Research transparency in Sub-Saharan Africa: Lessons learned and ways forward

Guest post by Soazic Elise Wang Sonne (World Bank)


Credit: Soazic Elise Wang Sonne

Despite efforts by African governments to significantly raise public spending on scientific research, the continent, which is home to 14% of the world’s population, contributes to less than 1% of published research outputs (David Dunne, 2017). While this can be partly attributed to insufficient financial and human resources for research, it might also be explained by a lack of perceived integrity in African researchers’ manuscripts, which can impede publication in top peer-reviewed journals. Africa cannot afford to lag behind in research quality and can get ahead by taking advantage of the numerous benefits offered by adopting research openness and reproducibility practices.

My initial engagement with the Berkeley Initiative for Transparency in the Social Sciences (BITSS) began in early 2015 when I attended a Research Transparency and Reproducibility Training (RT2). I became a BITSS Catalyst to help change research practices in Europe and Sub-Saharan Africa, and I spent this past year as a BITSS visiting scholar at UC Berkeley. This experience has been most rewarding. I had the opportunity to build my technical skills by attending and leading workshops at meetings of the Working Group for African Political Economy and at BITSS Annual Meetings. I believe training the next generation of African social scientists on research transparency and reproducibility is an important way to improve research quality and address low publication rates in Sub-Saharan Africa. To date, with the generous support of BITSS and other open science organizations (such as SPARC, OpenCon, and Open Knowledge International), I have trained more than 150 African researchers via workshops organized in South Africa, Cameroon, the UK, the US, and the Netherlands.

Credit: Soazic Elise Wang Sonne

Participants at my trainings have been keen to learn about scientific misconduct, likely because they recognize the common existence of the “File Drawer Problem,” p-hacking, and selective reporting in both their own and their colleagues’ research routines. In addition, participants have been very excited to learn about solutions to these problems, including the key features of a reproducible workflow (such as the TIER protocol) as well as pre-analysis plans, master do-files, and dynamic documents with R and Stata.

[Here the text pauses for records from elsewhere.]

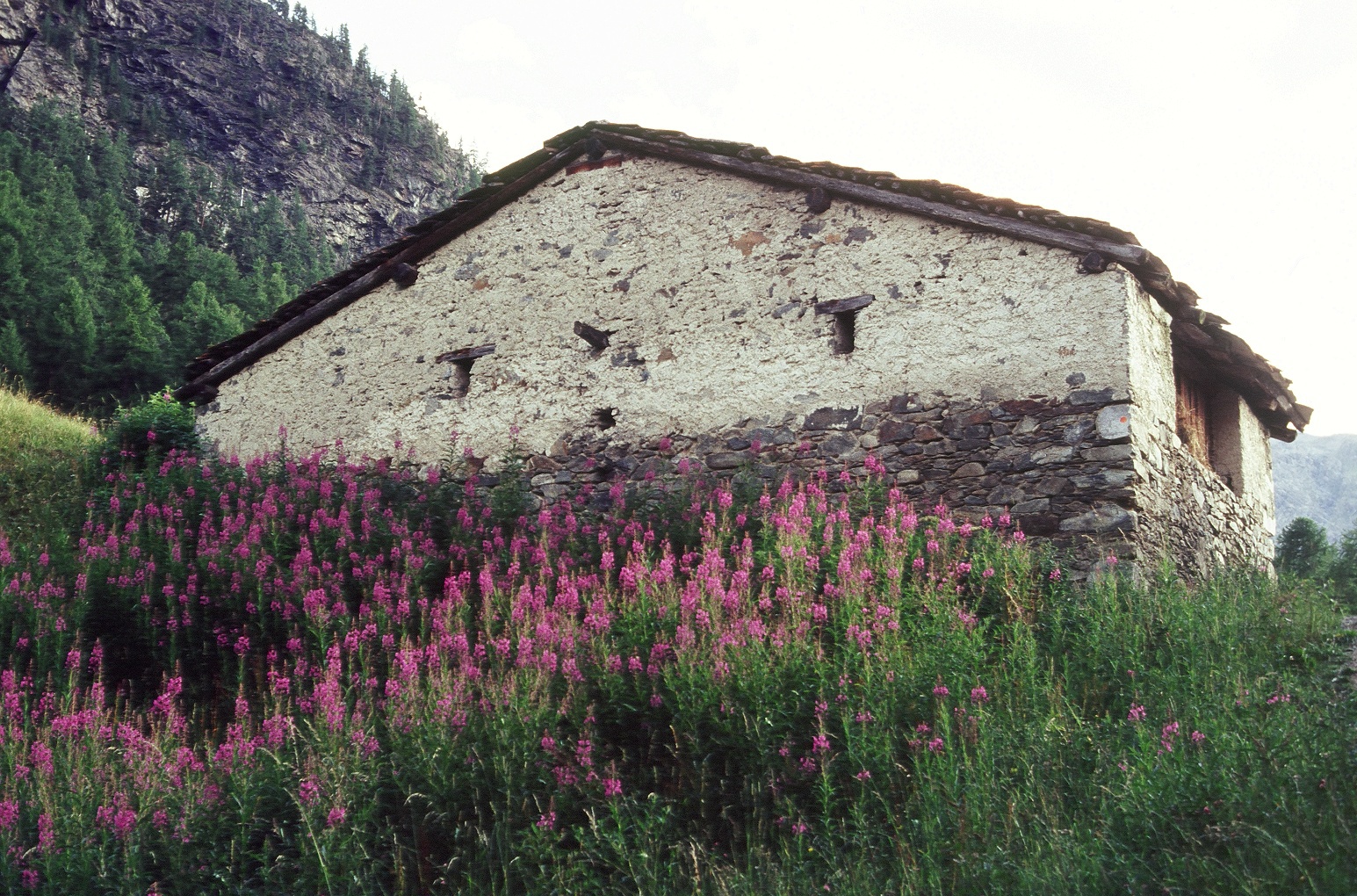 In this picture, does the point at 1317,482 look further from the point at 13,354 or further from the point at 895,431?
the point at 895,431

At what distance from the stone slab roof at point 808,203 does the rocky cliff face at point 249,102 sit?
2670 inches

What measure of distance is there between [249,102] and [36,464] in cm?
9061

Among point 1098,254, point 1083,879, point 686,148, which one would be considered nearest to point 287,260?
point 686,148

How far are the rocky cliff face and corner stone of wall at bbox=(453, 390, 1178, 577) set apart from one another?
72.3 m

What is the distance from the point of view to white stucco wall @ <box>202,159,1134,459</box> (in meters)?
8.22

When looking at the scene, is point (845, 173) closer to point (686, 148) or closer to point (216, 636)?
point (686, 148)

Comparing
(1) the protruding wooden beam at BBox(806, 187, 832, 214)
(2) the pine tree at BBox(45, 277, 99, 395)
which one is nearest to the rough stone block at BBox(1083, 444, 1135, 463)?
(1) the protruding wooden beam at BBox(806, 187, 832, 214)

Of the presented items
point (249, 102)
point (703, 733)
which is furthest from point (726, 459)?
point (249, 102)

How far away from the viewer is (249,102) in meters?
90.2

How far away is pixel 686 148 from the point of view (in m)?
9.96

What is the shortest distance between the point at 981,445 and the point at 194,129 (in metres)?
91.7

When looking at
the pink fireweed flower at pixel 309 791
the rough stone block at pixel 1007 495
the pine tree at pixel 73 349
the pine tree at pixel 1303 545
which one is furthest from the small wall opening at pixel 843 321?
the pine tree at pixel 73 349

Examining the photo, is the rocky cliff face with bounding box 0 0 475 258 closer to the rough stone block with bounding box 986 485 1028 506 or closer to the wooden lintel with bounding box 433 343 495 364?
the wooden lintel with bounding box 433 343 495 364

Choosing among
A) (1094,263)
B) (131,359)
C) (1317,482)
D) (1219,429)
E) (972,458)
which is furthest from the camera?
(1317,482) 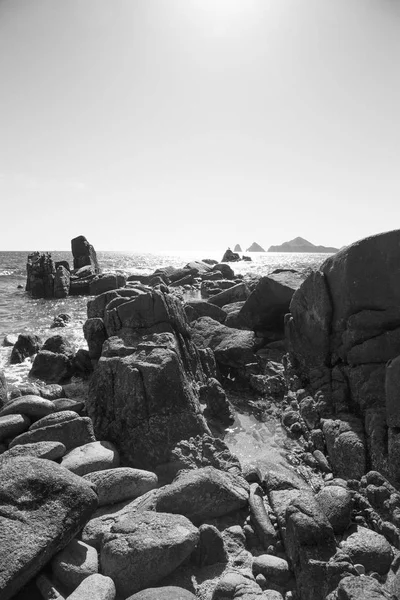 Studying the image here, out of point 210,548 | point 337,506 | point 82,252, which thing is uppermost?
point 82,252

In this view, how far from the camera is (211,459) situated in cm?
830

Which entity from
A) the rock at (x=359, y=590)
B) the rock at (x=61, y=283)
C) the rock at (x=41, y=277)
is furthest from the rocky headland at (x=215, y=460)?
the rock at (x=41, y=277)

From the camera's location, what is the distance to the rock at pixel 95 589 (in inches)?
180

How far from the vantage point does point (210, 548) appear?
5.61m

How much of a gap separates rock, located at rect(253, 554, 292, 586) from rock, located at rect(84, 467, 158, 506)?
2420 mm

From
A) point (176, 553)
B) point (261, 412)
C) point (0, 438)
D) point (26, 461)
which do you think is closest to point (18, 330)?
point (0, 438)

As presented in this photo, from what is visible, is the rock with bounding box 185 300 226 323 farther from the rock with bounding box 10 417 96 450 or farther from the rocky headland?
the rock with bounding box 10 417 96 450

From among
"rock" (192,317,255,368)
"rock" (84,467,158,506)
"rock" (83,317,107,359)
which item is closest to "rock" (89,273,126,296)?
"rock" (192,317,255,368)

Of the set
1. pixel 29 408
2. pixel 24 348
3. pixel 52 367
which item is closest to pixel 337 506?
pixel 29 408

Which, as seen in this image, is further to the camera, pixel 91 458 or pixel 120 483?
pixel 91 458

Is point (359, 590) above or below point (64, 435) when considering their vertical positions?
above

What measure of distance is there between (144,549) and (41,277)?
42620mm

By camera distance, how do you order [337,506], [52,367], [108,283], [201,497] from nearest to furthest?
[337,506] → [201,497] → [52,367] → [108,283]

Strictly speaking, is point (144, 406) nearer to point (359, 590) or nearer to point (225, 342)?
point (359, 590) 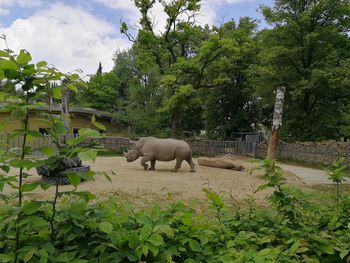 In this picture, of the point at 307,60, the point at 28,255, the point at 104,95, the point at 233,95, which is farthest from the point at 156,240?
the point at 104,95

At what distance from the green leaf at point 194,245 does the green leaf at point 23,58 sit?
3.52ft

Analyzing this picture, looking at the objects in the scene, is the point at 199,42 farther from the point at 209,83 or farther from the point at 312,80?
the point at 312,80

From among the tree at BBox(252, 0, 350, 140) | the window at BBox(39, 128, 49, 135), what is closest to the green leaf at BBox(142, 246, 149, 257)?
the window at BBox(39, 128, 49, 135)

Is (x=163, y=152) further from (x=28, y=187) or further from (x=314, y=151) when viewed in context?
(x=28, y=187)

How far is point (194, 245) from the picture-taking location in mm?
1623

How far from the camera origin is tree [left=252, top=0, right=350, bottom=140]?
22734 mm

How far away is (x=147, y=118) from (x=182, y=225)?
27.5 metres

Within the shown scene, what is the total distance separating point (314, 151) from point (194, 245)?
19.2 metres

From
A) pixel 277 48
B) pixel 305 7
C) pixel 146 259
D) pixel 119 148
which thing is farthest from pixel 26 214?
pixel 305 7

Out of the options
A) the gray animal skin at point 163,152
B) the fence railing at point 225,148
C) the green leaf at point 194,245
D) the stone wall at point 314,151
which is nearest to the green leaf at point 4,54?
the green leaf at point 194,245

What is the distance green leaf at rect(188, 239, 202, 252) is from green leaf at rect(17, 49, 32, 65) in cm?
107

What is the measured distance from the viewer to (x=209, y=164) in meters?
14.6

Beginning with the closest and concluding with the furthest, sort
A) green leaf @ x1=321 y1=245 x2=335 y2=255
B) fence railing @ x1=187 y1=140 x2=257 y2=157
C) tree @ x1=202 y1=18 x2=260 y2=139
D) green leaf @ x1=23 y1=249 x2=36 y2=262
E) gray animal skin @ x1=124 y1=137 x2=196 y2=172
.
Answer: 1. green leaf @ x1=23 y1=249 x2=36 y2=262
2. green leaf @ x1=321 y1=245 x2=335 y2=255
3. gray animal skin @ x1=124 y1=137 x2=196 y2=172
4. fence railing @ x1=187 y1=140 x2=257 y2=157
5. tree @ x1=202 y1=18 x2=260 y2=139

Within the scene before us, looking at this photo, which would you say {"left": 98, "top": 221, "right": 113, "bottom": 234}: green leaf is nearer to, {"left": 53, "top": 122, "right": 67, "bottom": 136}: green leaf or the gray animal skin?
{"left": 53, "top": 122, "right": 67, "bottom": 136}: green leaf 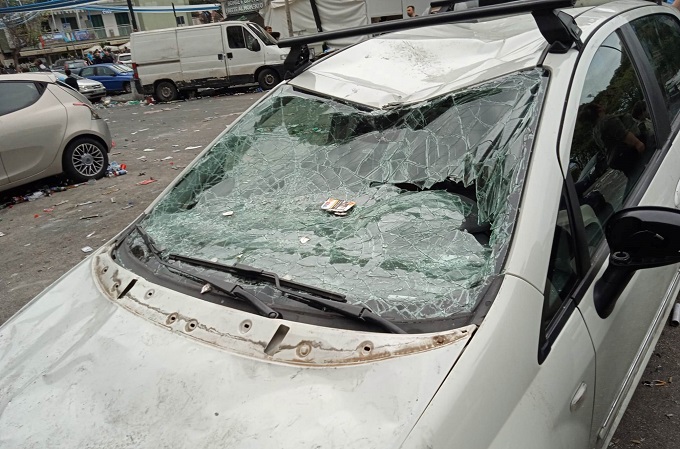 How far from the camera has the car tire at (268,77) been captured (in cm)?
1577

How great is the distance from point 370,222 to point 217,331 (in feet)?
2.15

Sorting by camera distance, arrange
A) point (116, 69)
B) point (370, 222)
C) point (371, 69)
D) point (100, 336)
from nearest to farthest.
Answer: point (100, 336) < point (370, 222) < point (371, 69) < point (116, 69)

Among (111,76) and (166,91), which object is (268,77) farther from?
(111,76)

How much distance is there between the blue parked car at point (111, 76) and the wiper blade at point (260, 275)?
2253 cm

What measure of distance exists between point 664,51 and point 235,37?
14636mm

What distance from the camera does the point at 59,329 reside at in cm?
170

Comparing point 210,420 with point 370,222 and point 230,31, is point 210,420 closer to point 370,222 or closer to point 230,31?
point 370,222

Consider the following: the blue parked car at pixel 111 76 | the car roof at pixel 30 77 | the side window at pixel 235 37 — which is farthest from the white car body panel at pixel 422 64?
the blue parked car at pixel 111 76

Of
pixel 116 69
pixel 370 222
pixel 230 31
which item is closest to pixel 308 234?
pixel 370 222

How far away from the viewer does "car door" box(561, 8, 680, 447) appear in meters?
1.55

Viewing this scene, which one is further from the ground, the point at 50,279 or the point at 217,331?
the point at 217,331

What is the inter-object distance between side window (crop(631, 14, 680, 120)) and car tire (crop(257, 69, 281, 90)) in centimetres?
1386

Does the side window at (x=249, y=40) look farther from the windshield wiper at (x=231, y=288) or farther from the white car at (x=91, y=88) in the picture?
the windshield wiper at (x=231, y=288)

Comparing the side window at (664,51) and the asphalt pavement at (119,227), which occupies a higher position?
the side window at (664,51) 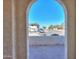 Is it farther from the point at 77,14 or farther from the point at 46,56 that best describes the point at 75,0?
the point at 46,56

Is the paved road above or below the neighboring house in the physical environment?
below

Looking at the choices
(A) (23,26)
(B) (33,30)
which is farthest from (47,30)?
(A) (23,26)

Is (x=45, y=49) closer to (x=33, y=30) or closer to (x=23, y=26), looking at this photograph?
(x=33, y=30)

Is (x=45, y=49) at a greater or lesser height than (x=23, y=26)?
lesser

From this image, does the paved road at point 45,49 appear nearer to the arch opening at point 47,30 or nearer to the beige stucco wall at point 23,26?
the arch opening at point 47,30

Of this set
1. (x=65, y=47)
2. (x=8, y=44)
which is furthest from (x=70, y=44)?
(x=8, y=44)

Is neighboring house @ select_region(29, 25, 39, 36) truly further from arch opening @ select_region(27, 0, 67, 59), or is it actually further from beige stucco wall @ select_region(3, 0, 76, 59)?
beige stucco wall @ select_region(3, 0, 76, 59)

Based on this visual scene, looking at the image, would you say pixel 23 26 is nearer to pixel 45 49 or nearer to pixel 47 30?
pixel 47 30

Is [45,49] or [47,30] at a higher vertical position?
[47,30]

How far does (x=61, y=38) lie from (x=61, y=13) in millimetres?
412

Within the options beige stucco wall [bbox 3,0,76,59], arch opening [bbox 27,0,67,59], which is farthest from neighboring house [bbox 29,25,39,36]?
beige stucco wall [bbox 3,0,76,59]

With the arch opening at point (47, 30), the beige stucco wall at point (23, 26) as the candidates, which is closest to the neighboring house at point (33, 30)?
the arch opening at point (47, 30)

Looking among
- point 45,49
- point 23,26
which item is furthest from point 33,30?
point 45,49

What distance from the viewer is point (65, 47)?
2.56 meters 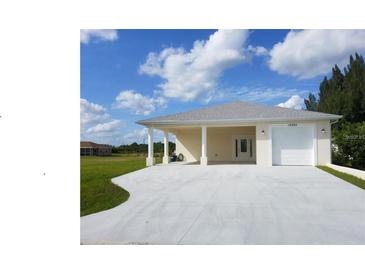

At these trainings, participants reflect on how research transparency norms and practices can be better entrenched in African academic higher institutions. The following are key insights that have emerged from our discussions:

  • Transparency is important and deserves to be fully integrated as a distinct module in quantitative tracks of undergraduate research curriculum. This is broadly expressed by workshop participants from Sub-Saharan Africa.
  • Transparency is difficult to implement given the predominance of the “hidden” culture in Africa’s academia, wherein researchers are not encouraged to share data, code, or other study materials for fear of being scooped or plagiarized.
  • There is a need to use open source software such as R, rather than Stata. This is because most African students working toward quantitative social science degrees use an abbreviated version of Stata, which is limited and therefore offers less room to build a reproducible workflow.
  • Last but not least, most of the participants think that a top-down approach is needed to sensitize more senior researchers to transparent and reproducible science. In fact, the majority still use deeply ingrained and outdated research practices without a clear understanding of the benefits of openness and reproducibility. Students and junior researchers have little room to try new things or advise on how research practices should be done. Therefore, training senior researchers on why transparency matters and how to practice it could catalyze the institutionalization of reproducibility.
Credit: Soazic Elise Wang Sonne

Later this month, I am heading to Abdou Moumouni University in Niamey, Niger to train young social scientists on research transparency in impact evaluation, in partnership with the UC Berkeley OASIS initiative. This training will not only focus on teaching reproducibility methods to students, but also improving their writing skills. I expect this training will help improve participants’ research practices, as well as support OASIS in preparation of the second phase of their “Room to Grow” impact evaluation — part of their work to empower adolescent girls in Niamey.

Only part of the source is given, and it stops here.